DATA:
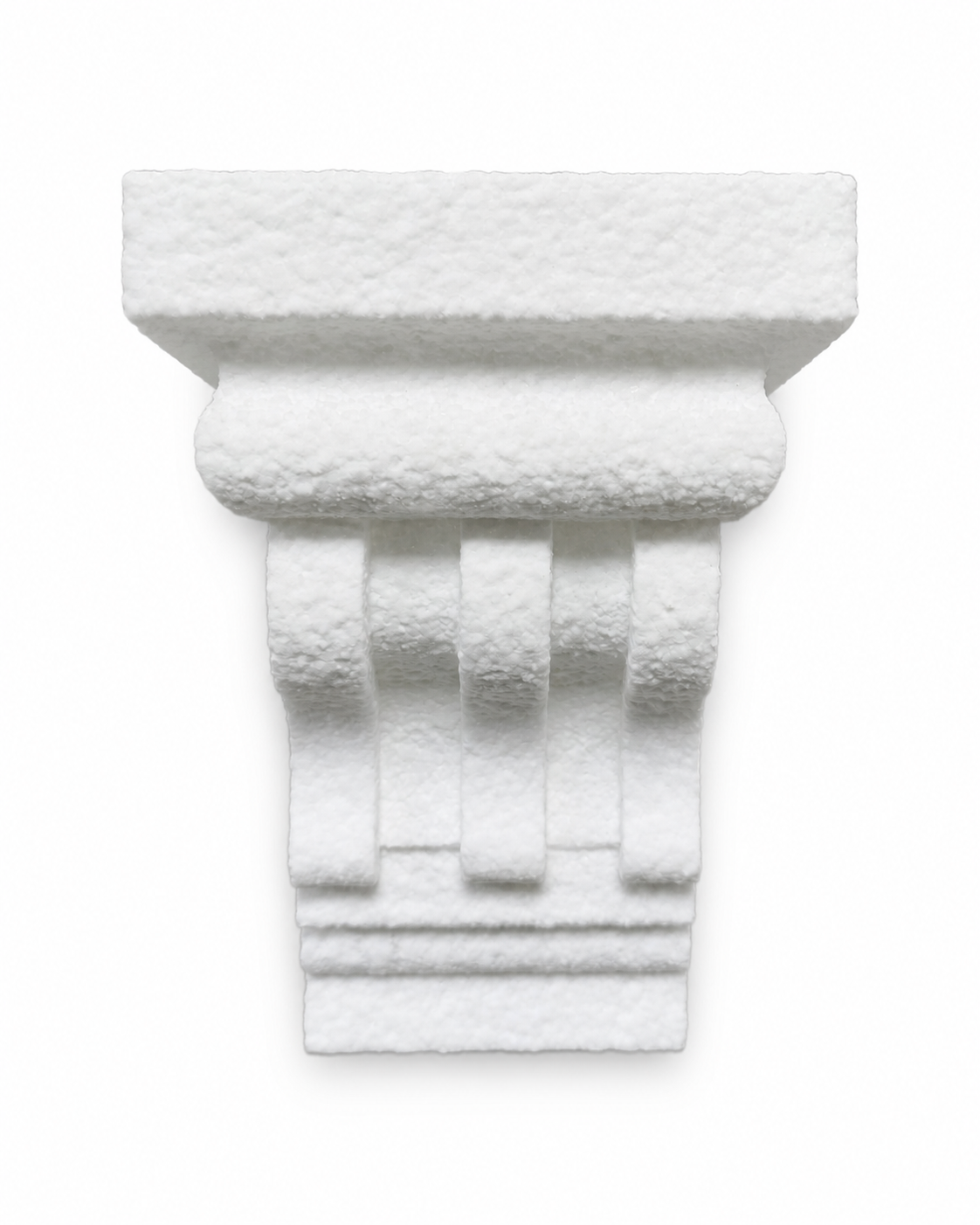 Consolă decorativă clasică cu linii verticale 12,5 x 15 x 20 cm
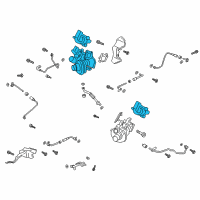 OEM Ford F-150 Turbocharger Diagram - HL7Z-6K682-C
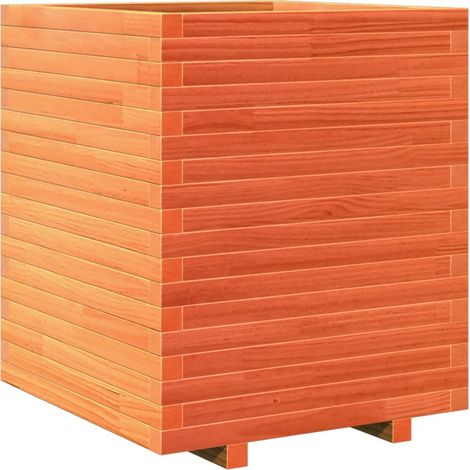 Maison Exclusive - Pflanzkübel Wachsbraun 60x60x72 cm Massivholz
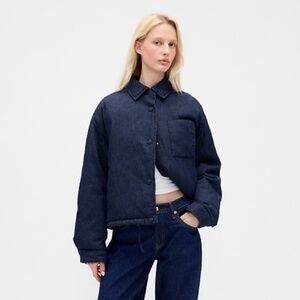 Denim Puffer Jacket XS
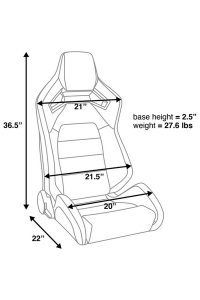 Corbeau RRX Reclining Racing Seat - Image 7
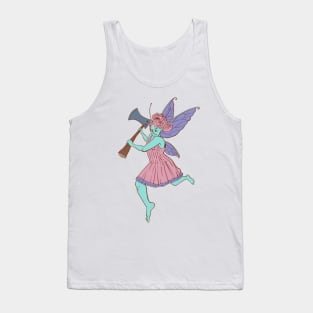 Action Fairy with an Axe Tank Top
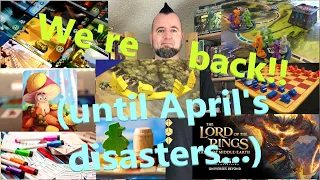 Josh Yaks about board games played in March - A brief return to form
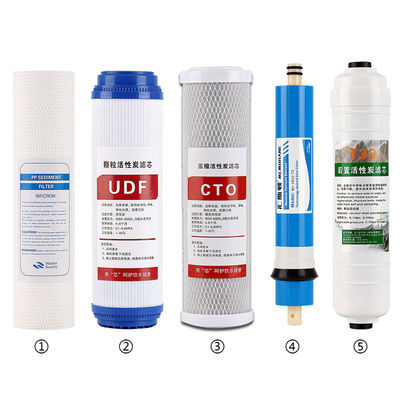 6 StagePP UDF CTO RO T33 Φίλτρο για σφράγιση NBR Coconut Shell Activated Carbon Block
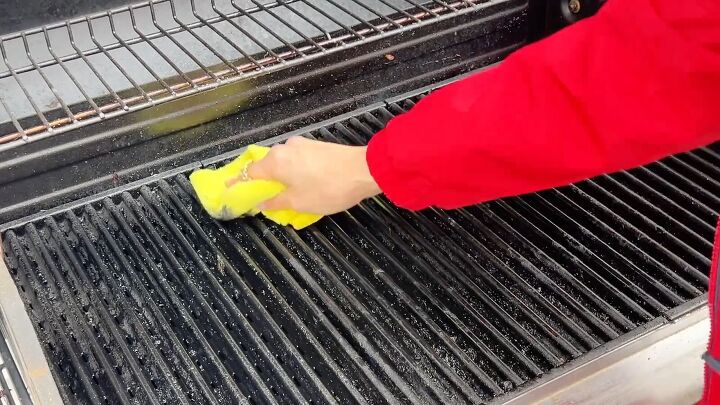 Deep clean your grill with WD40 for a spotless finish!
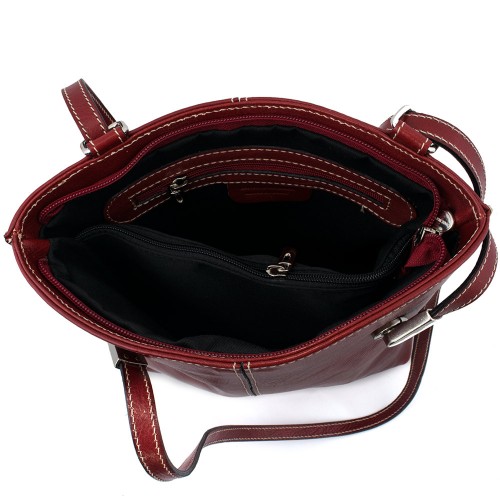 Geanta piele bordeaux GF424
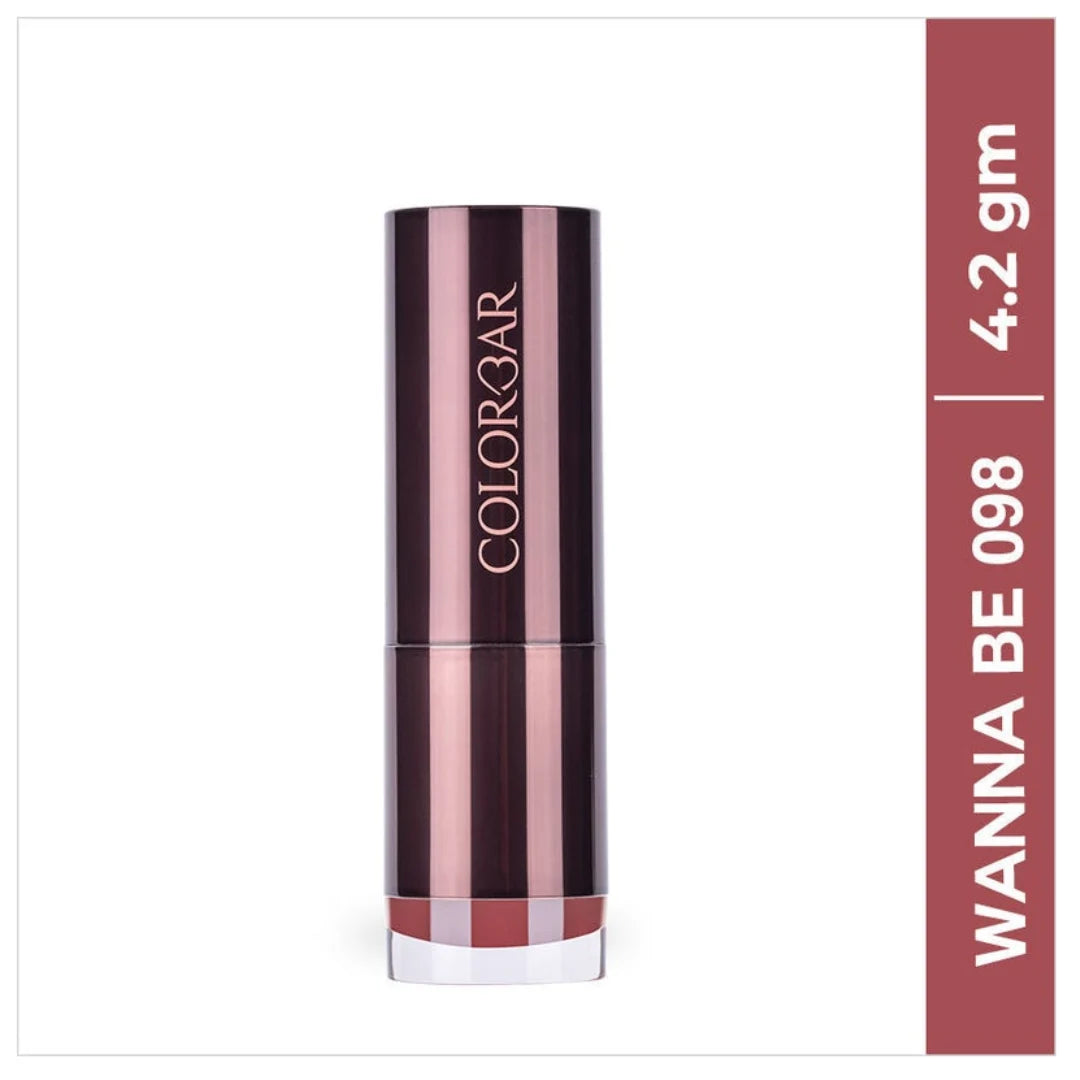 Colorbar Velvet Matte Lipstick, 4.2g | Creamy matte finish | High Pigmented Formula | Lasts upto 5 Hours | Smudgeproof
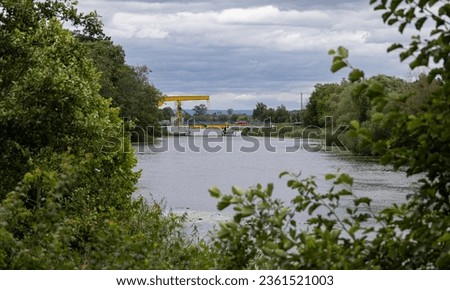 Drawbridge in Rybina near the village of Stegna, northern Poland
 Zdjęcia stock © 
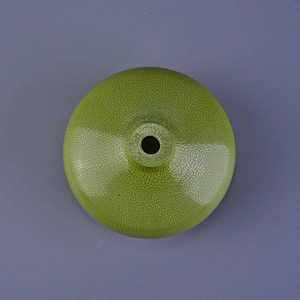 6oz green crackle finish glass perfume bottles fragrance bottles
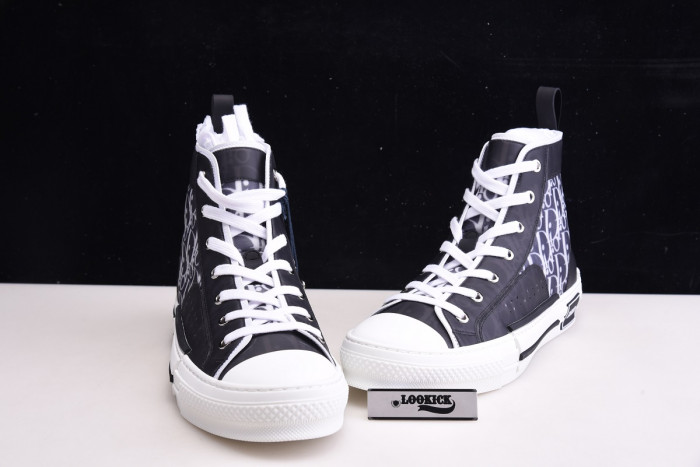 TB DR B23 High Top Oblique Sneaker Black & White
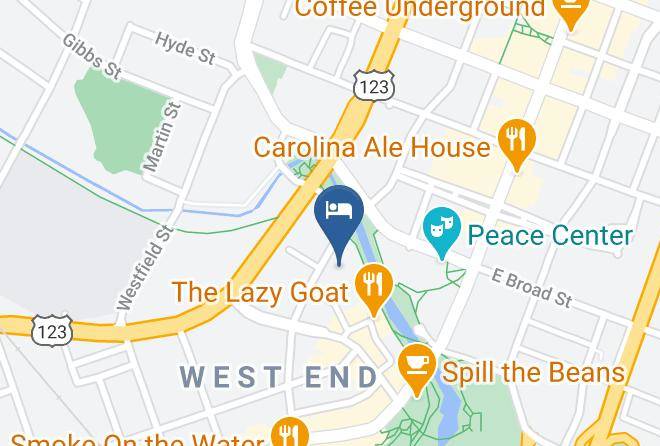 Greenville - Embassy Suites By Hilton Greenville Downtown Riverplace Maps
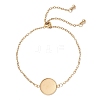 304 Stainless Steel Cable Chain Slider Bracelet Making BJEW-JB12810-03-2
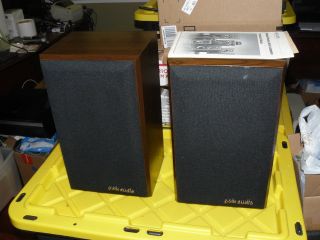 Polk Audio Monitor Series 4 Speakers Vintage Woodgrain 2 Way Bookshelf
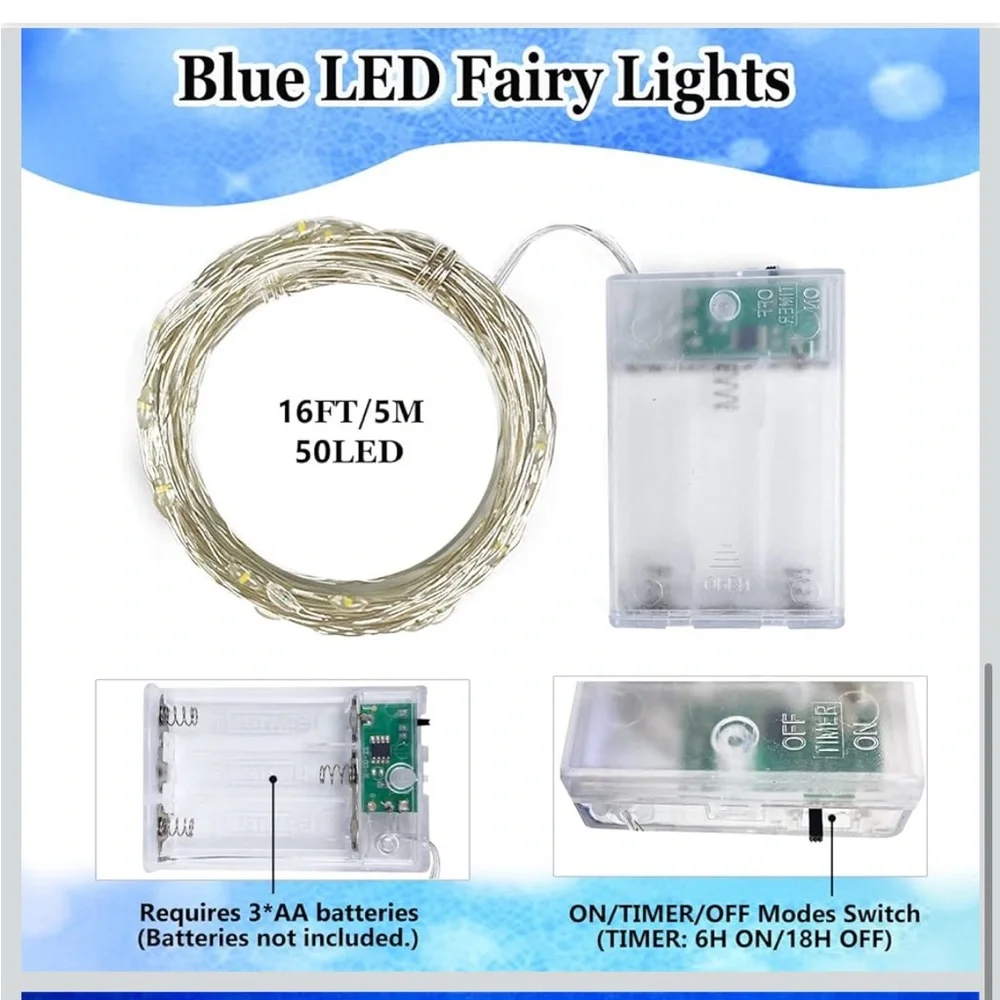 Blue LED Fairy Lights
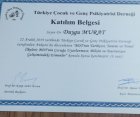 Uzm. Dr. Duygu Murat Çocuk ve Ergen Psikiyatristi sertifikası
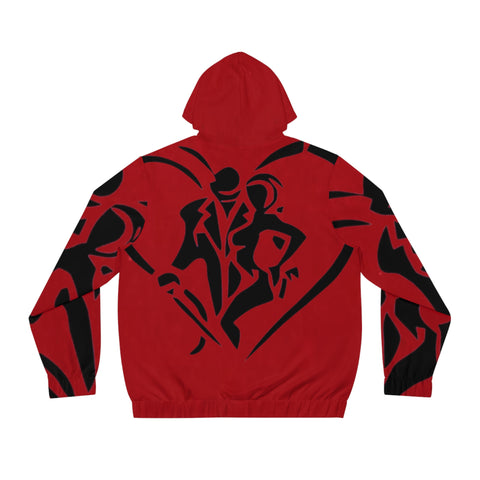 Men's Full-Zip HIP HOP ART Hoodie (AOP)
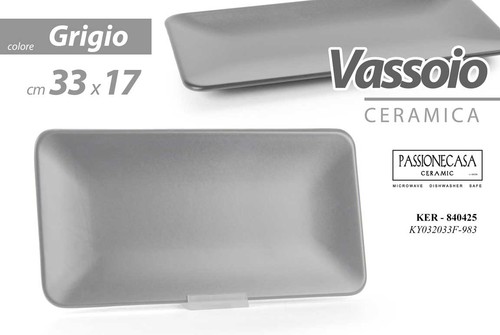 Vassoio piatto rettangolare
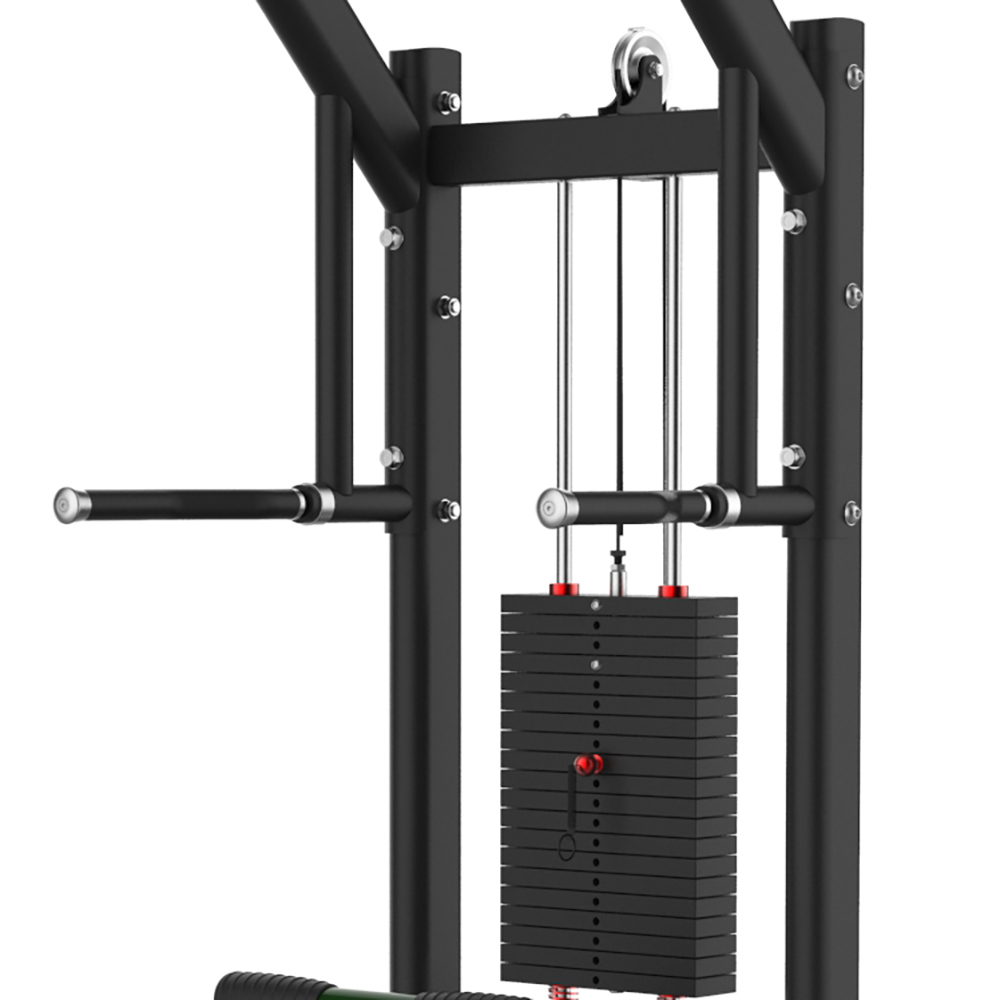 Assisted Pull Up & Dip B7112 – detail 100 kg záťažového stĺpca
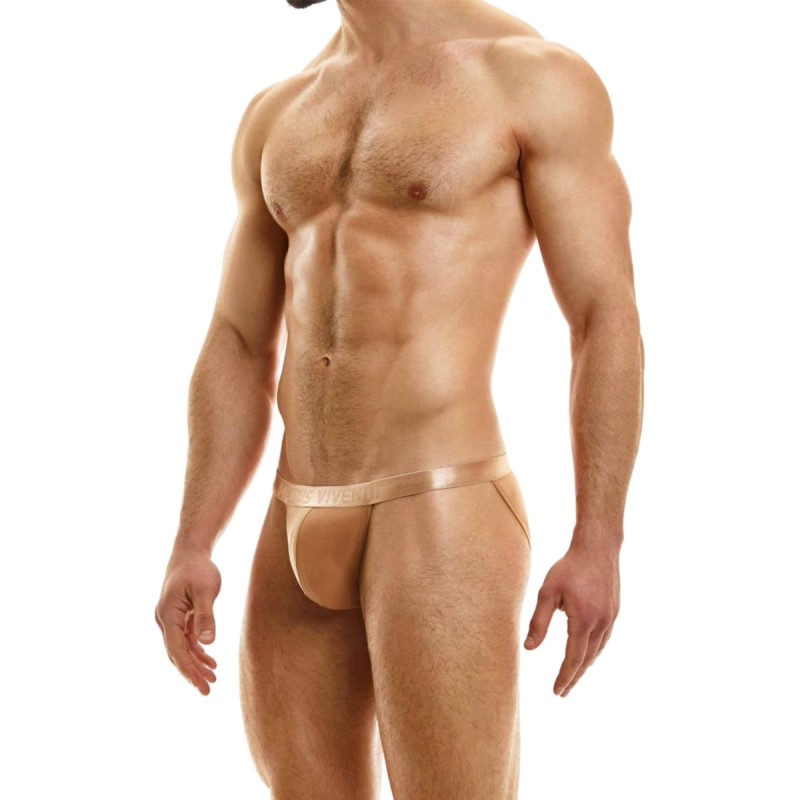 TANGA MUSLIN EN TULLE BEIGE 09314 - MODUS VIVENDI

EXERCISE:
What you give back should match the entries above exactly, except that pictures are dropped.

ANSWER BOX:
 Consolă decorativă clasică cu linii verticale 12,5 x 15 x 20 cm
 OEM Ford F-150 Turbocharger Diagram - HL7Z-6K682-C
 Maison Exclusive - Pflanzkübel Wachsbraun 60x60x72 cm Massivholz
 Denim Puffer Jacket XS
 Corbeau RRX Reclining Racing Seat - Image 7
 Action Fairy with an Axe Tank Top
 Josh Yaks about board games played in March - A brief return to form
 6 StagePP UDF CTO RO T33 Φίλτρο για σφράγιση NBR Coconut Shell Activated Carbon Block
 Deep clean your grill with WD40 for a spotless finish!
 Geanta piele bordeaux GF424
 Colorbar Velvet Matte Lipstick, 4.2g | Creamy matte finish | High Pigmented Formula | Lasts upto 5 Hours | Smudgeproof
 Drawbridge in Rybina near the village of Stegna, northern Poland
 Zdjęcia stock © 
 6oz green crackle finish glass perfume bottles fragrance bottles
 TB DR B23 High Top Oblique Sneaker Black & White
 Greenville - Embassy Suites By Hilton Greenville Downtown Riverplace Maps
 304 Stainless Steel Cable Chain Slider Bracelet Making BJEW-JB12810-03-2
 Polk Audio Monitor Series 4 Speakers Vintage Woodgrain 2 Way Bookshelf
 Blue LED Fairy Lights
 Uzm. Dr. Duygu Murat Çocuk ve Ergen Psikiyatristi sertifikası
 Men's Full-Zip HIP HOP ART Hoodie (AOP)
 Vassoio piatto rettangolare
 Assisted Pull Up & Dip B7112 – detail 100 kg záťažového stĺpca
 TANGA MUSLIN EN TULLE BEIGE 09314 - MODUS VIVENDI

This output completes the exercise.